Gilead Sciences Inc. is taking over Cymabay Therapeutics Inc. for $32.50 per share in cash, for a total equity value of $4.3 billion to bring aboard seladelpar for primary biliary cholangitis (PBC), under priority review by the U.S. FDA, with a decision due this year. The drug, intended for PBC that includes pruritis, adds to Foster City, Calif.-based Gilead’s liver portfolio. Shares of Cymabay (NASDAQ:CBAY), based in Newark, Calif., were trading at $32.10, up $6.41, or 25%, on Feb. 12. Seladelpar is an oral selective peroxisome proliferator-activated receptor delta agonist, proven to regulate metabolic and liver disease pathways. The drug bears a PDUFA date of Aug. 14.
AN2 sinks on phase III pause in mycobacterial lung disease
Shares of AN2 Therapeutics Inc. plummeted more than 70% Feb. 12 after the company reported it was voluntarily pausing enrollment in the phase III portion of its phase II/III EPO-301 study testing boron-based, oral candidate epetraborole in treatment-refractory Mycobacterium avium complex lung disease, citing potential lower-than-expected efficacy from a blinded aggregate analysis of the phase II portion. AN2 was quick to note that the move was not due to safety concerns, but rather to allow time to further evaluate the data and possibly amend the protocol for the ongoing phase III trial.
Takeda quickly follows Sanofi-Regeneron with esophagitis approval
Less than a month after the U.S. FDA approved Sanofi SA and Regeneron Pharmaceuticals Inc.’s IL-4/IL-13 inhibitor Dupixent (dupilumab) for treating eosinophilic esophagitis (EE) in children ages 1 to 11, the agency has approved Takeda Pharmaceutical Co.

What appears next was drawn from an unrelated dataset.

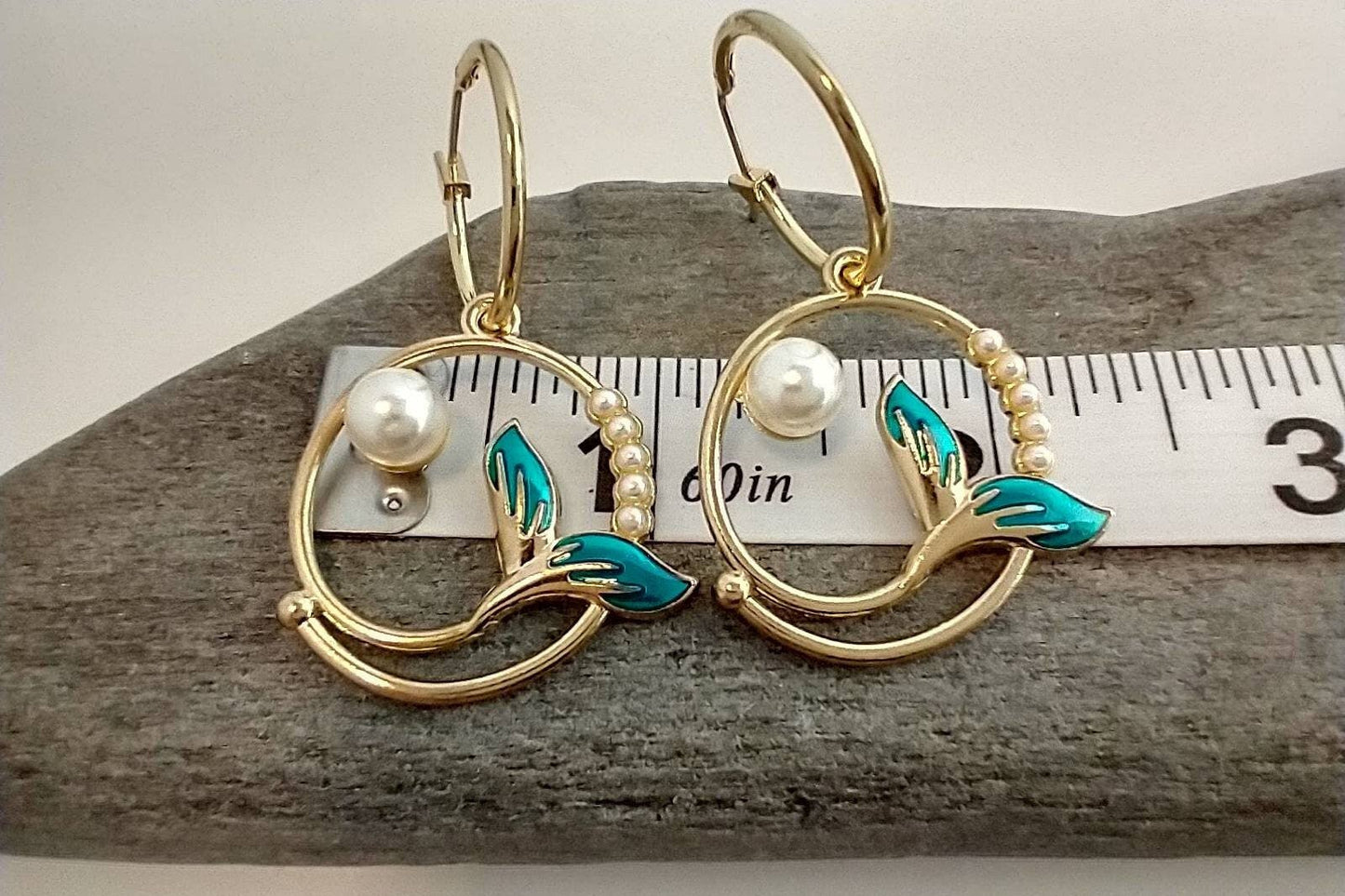 Gold Mermaid Earrings, Coastal Jewelry, Nautical Earrings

Ltd.’s Eohilia (budesonide oral suspension) for the same indication but for an older group. Takeda’s glucocorticoid receptor agonist was approved for those age 11 and older and is the first FDA-approved oral therapy in the age group. EE is a chronic, progressive disease in which type 2 inflammation damages the esophagus, impacting the ability to eat, resulting in heartburn, vomiting, abdominal discomfort, trouble swallowing, food refusal and the failure to thrive.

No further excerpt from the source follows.